«Ко:дза-ха» как таковая – то есть те, кто придерживался позиции Коминтерна или Коммунистической партии, – была плохо подготовлена к пониманию этого вопроса. А поскольку «Ро:но:-ха» разделяла предположение о том, что политические преобразования должны быть обусловлены экономически, ее превосходное понимание могло гарантировать ей не более чем позицию критического дополнения. Было недостаточно просто продемонстрировать, что поляризация деревень в той или иной степени имела место. Вопрос заключался в том, почему даже то, что «Ро:но:-ха» признавали пережитками феодализма, казалось таким устойчивым и почему, как заметил Уно Кодзо, «деревни остались такими, как они были» [Уно 1981: 367–368].
Уно и Маруяма: структура и предмет
Из трех марксистских подходов, проанализированных в данной работе, именно подход Уно Кодзо и так называемая школа политэкономии Маркса – Уно сделали больше всего для формирования взгляда на японский капитализм как на единую динамическую структуру, встроенную в «мировое время», а не как на «или-или» в пинг-понге между категорий. В рамках трехэтапного аналитического метода Уно рассматривал «отсталый» капитализм как тем не менее подлинный – то есть он был так же подвержен демиургическим «чистым» силам, как и любой другой капитализм. В то же время, поскольку в отсталых странах капиталистические отношения опосредовались промышленностью, а не сельским хозяйством, проблема отсталости продолжала формировать «политику» в соответствии с конъюнктурной динамикой, которая сопровождала «отсталость» развития на данном этапе. Безусловно, сциентизм Уно и его продуманное отрицание аргументов детерминистов (которые он рассматривал как эпохальную иллюзию Второго Интернационала) оставляли и его самого и его школу уязвимыми перед обвинениями левых в реакционном квиетизме. Уно предпочел эти обвинения – и мы полагаем, вполне оправданно – искажению сталинизма. Это не означает, что он решил проблему практики, несмотря на свои опасения по поводу связи науки и идеологии.
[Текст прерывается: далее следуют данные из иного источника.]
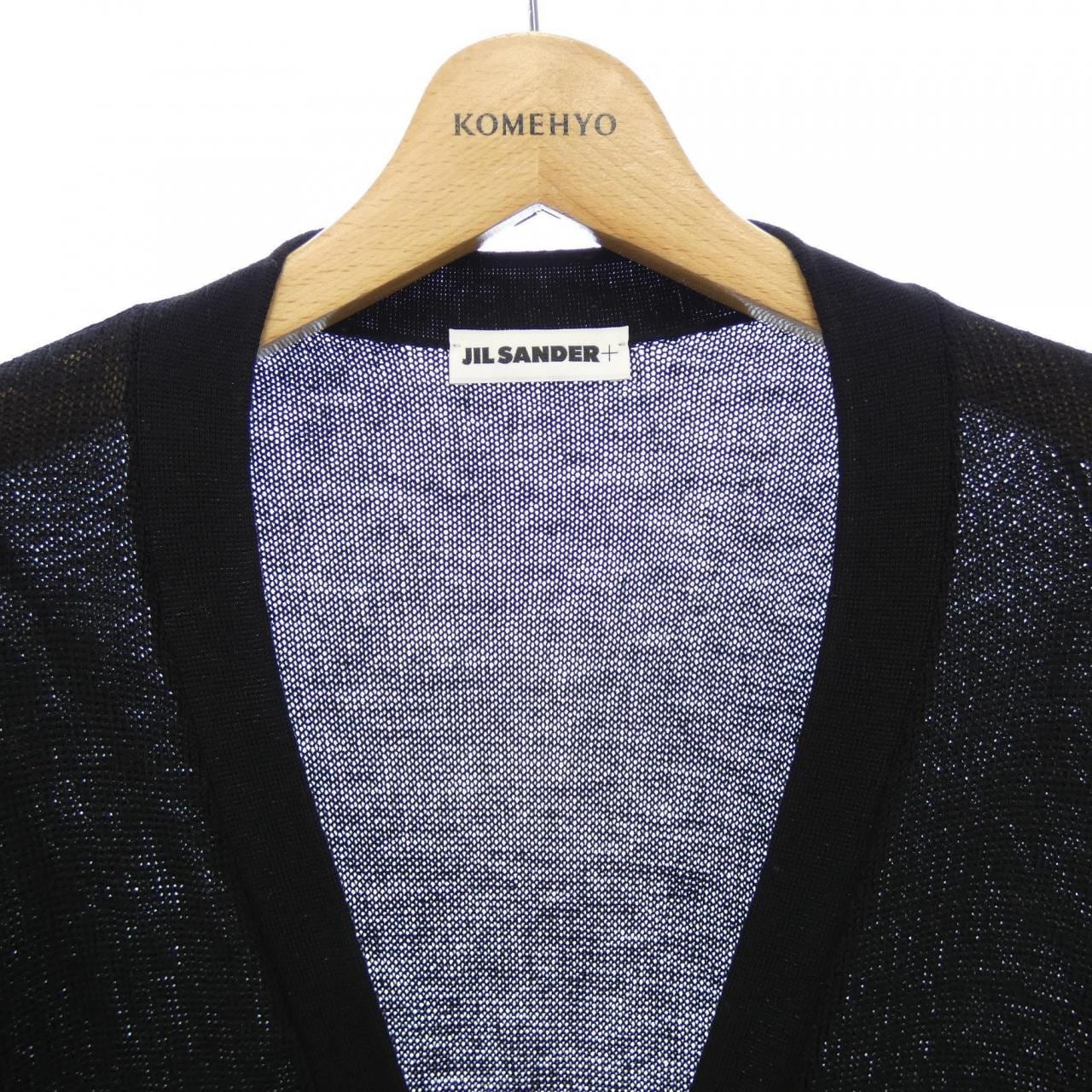 JIL SANDER+ JIL SANDER+ 長款開襟衫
Он остался верен неокантианскому аспекту своего интеллектуального становления (связь с либеральными общественными науками 1920-х годов), настаивая сначала на проведении логических различий, необходимых для построения метода, ценой неуточнения практических последствий понимания, полученного в результате его применения.
Но что же тогда означало последующее развитие школы? Какое отношение оно имело к более широкому вопросу практики в рамках общественных наук в Японии? И мог ли ответ на эти вопросы, в свою очередь, подсказать что-то о текущем положении и «судьбе» их изначального состояния – отчуждения развития?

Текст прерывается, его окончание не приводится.